New Delhi: The draft negotiating text for a new global climate change agreement for 2015 must be ready by the end of this year, in time for an important conference of parties, the BASIC (Brazil, South Africa, India and China) group of nations said on Friday.

Ministers of the four countries issued the joint statement at the end of a two-day ministerial meeting held in New Delhi to discuss climate change negotiations ahead of the next round of talks in Lima, Peru, in December.

The new agreement is to be signed in Paris in November-December 2015. Environment, forests and climate change minister Prakash Javadekar said that the draft negotiating text must be ready one year before the final conference in order to ensure a fruitful outcome in 2015.

The BASIC statement said that developed countries should take the lead in addressing climate change in keeping with their historical responsibilities.
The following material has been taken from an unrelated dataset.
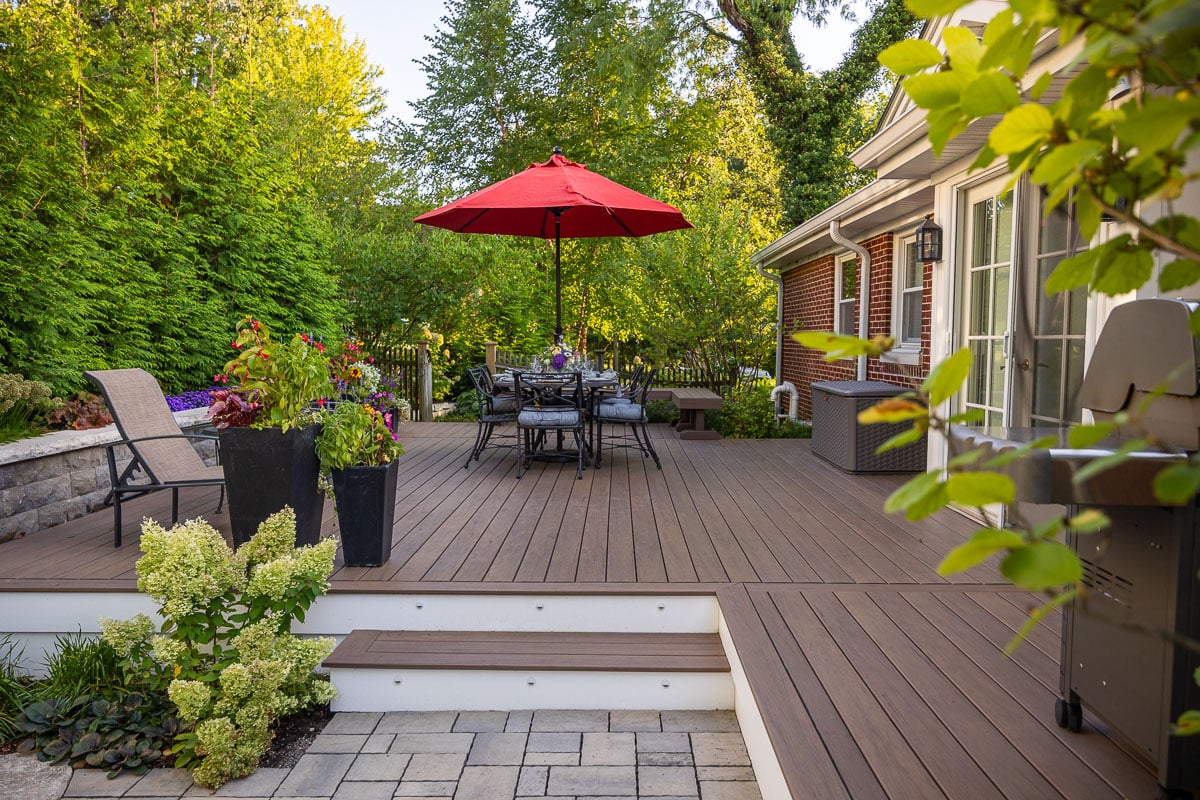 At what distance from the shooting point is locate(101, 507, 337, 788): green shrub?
266 cm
Under the existing Kyoto Protocol, developed countries are supposed to make meaningful cuts in their greenhouse gas emissions while developing countries are not bound by any such deadlines. This is based on the principle of historical responsibility, which holds that developed countries have been the historical polluters that have caused climate change—mainly through the process of industrialization.

The four ministers said that the principles of equity and common but differentiated responsibility (CBDR) also need to be reiterated in the new agreement.
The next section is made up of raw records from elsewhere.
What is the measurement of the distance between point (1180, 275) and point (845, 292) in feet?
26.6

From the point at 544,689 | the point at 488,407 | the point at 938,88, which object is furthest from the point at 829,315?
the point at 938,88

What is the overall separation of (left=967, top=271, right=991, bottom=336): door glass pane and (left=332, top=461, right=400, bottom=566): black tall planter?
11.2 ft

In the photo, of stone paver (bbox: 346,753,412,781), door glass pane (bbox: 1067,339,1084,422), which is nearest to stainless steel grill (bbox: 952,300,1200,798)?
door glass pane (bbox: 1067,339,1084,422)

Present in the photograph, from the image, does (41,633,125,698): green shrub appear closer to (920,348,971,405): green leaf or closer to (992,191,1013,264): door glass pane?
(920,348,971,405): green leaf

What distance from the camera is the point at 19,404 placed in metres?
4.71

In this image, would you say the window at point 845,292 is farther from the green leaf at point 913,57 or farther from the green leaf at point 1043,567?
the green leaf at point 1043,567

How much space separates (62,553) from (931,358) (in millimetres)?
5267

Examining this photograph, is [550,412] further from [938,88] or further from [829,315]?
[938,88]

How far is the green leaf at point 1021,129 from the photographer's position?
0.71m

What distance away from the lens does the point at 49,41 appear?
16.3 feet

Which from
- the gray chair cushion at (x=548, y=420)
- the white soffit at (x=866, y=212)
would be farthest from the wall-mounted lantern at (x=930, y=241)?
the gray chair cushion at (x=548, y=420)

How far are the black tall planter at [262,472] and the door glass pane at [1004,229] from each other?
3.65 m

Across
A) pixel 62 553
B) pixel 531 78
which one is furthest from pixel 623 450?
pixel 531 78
“Our actions have been more concrete than actions of some of the developed countries," Javadekar said, referring to steps taken by the four countries.

The statement also mentioned the need to communicate their intended nationally determined contributions (INDCs) which would include mitigation, adaptation, finance, technology development, technology transfer and capacity building.

Joyashree Roy, professor of economics at Jadavpur University, said that it was heartening to see that the BASIC countries were thinking of a comprehensive and holistic approach on INDC. “They are talking about technology development and not just technology transfer. This is shift from the previous stand. The talk about capacity building also ensures it is covered comprehensively."

Roy said that the developing nations will have to come up with a road map of how the financial transfer should happen. “It should be concrete as developed countries would not come up with a plan for finance," she added.

Javadekar said that the BASIC countries were doing their homework and holding continuous meetings and that efforts by developing nations would build pressure on developed nations to do more on climate change.

He said that the four countries would prepare a compendium of all the actions taken by them on climate change adaptation and mitigation efforts and put up a united front at the next round of talks.

While the agreement is likely to be signed in 2015, it will become effective only post 2020, when the term of the Kyoto Protocol expires. The joint statement said that developed countries need to ensure that the second commitment period of the Kyoto Protocol is also ratified speedily.